AVP & CTO Update, October 5, 2020

October is Cyber Security Awareness month (CSAM), and it is a great time to double down on your IT security approach. McMaster relies on you to be a member of our Cyber Security Squad . Everything you do to improve or enhance both your professional and your person cyber security posture is a good thing for Mac as well.

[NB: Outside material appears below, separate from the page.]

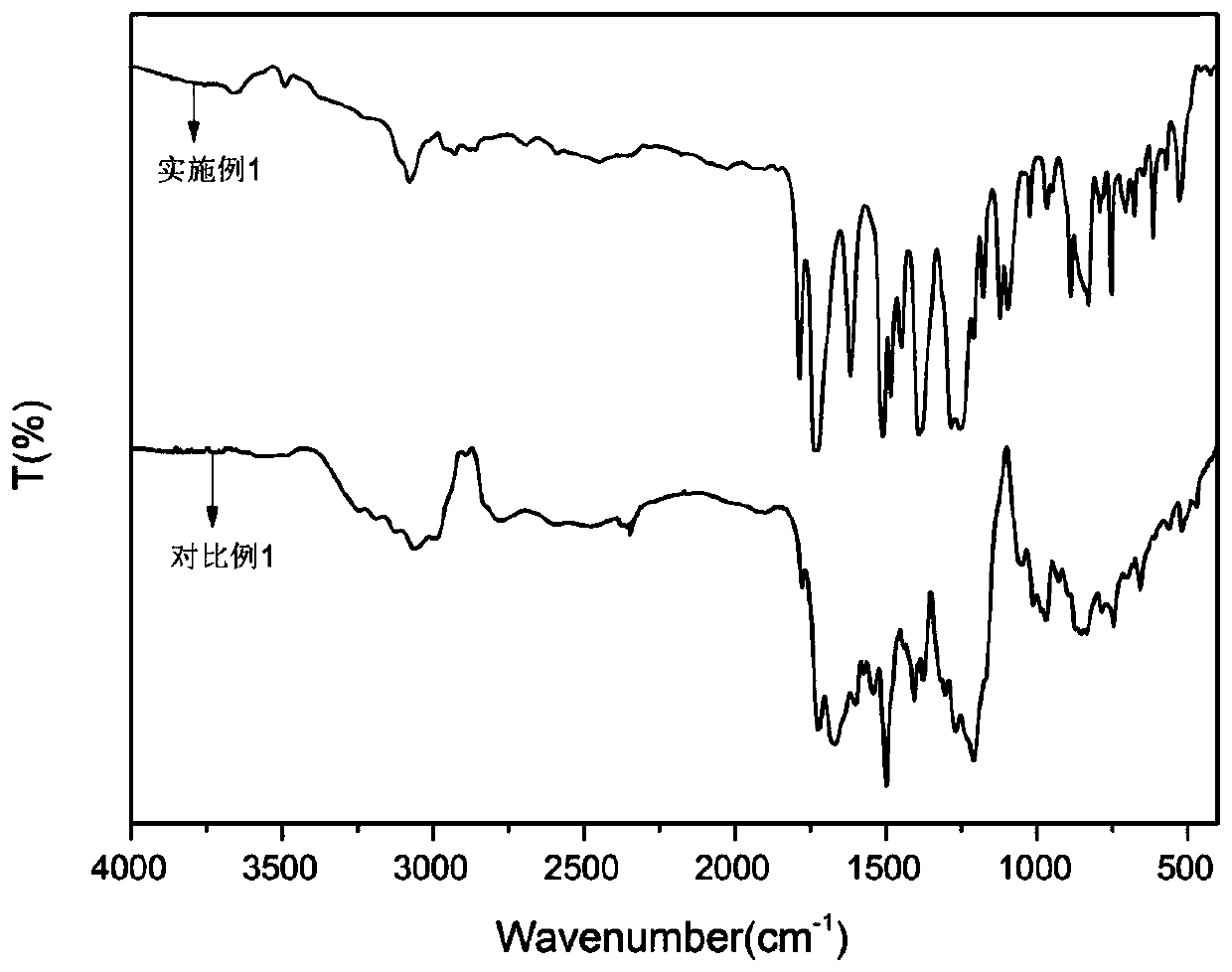 Method for preparing polyimide film by microwave radiation at low temperature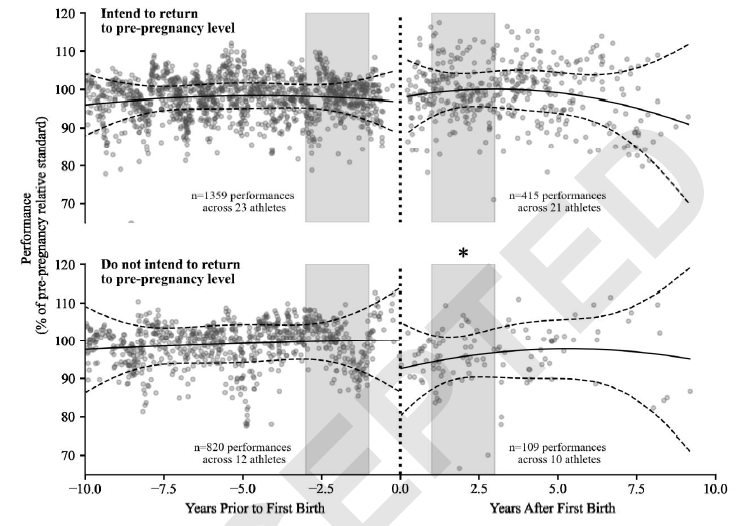Trent Stellingwerff, PhD / CSEP-CEP / FACSM / ChPC tweet media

The first National Cyber Security Awareness Month (NCSAM) was started in 2004, by the American Cybersecurity and Infrastructure Security Agency, so this is a campaign that has some history. Now in 2020, there are Cybersecurity Awareness campaigns undertaken all around the world, each with its own theme, such as the ‘ThinkB4UClick’ campaign in the UK. In the US the theme this year is “Do Your Part. #BeCyberSmart.” And in Canada, it is “GetCyberSafe”. This global effort makes it easy to find amazing resources and material so you can learn how to protect your technology and devices.

The technologies we rely on to provide us with our social interactions, work access, financial access and so many other capabilities, are amazing. At the same time, they can be used to undermine our IT security posture without us even realizing it. Default settings and even the core purpose of the systems we access may open us up to risk. If you have seen The Social Dilemma on Netflix it may have raised your eyebrow and debates are unfolding. The more technology we use, the more our cyber security and privacy risks will increase. By design, McMaster’s on campus network and secure technology perimeter provided enhance security to all of us working there. This is much less the case when we are working in our home environments. While we are safter from COVID-19, we may also have higher IT security risk at home unless we pay special attention to remediation.

Since the start of the fall semester, we have seen a rapid increase in evidence of compromised accounts and targeted campaigns to get access to McMaster credentials. As soon as one person’s MacID and password are compromised, it opens many more people up to that possibility. Because we tend to trust other McMaster accounts, it can result in people letting down their guard when they get email from our domain. Please remain scrupulous and avoid trusting any attempts to get you to provide your MacID and password or to click on links in an email without deep scrutiny.

Despite that, ALL of us, myself included, can improve our IT security hygiene and practices to reduce the risk of having our credentials and privacy compromised. We are in the driver’s seat. That’s what makes Cyber Security Awareness month so great – think of it as Fall Clean Up for you and your technology. 

Check out just a few of these sources to get your Cyber Security Awareness muscles loosened up:

• Our own amazing IT Security team will be pushing a comprehensive set of communications and activities during Cyber security awareness month. They have already kicked off a contest with great prizes to entice you to start learning.
  
• Not long after we moved to a remote access environment, our IT Security team created a series of cyber security resources to help you maintain your IT security posture from home.
  
• Check out this IT World Canada article that outlines some simple tips and reminders that we can all take to remain more secure – including the excellent advice of giving out as little information about yourself as possibl
  
• Even the Department of National Defence has a campaign for Cyber Security Awareness month (their theme is Cyber Resilience).

If you believe you have received a phishing email or any kind of IT security breach attempt, contact our IT security team at is-spam@mcmaster.ca.

On that note, I wish you all an amazing week. And a very Happy Thanksgiving, too. We have a lovely 4-day weekend ahead of us with the generousity of our institutional leadership. Use it well!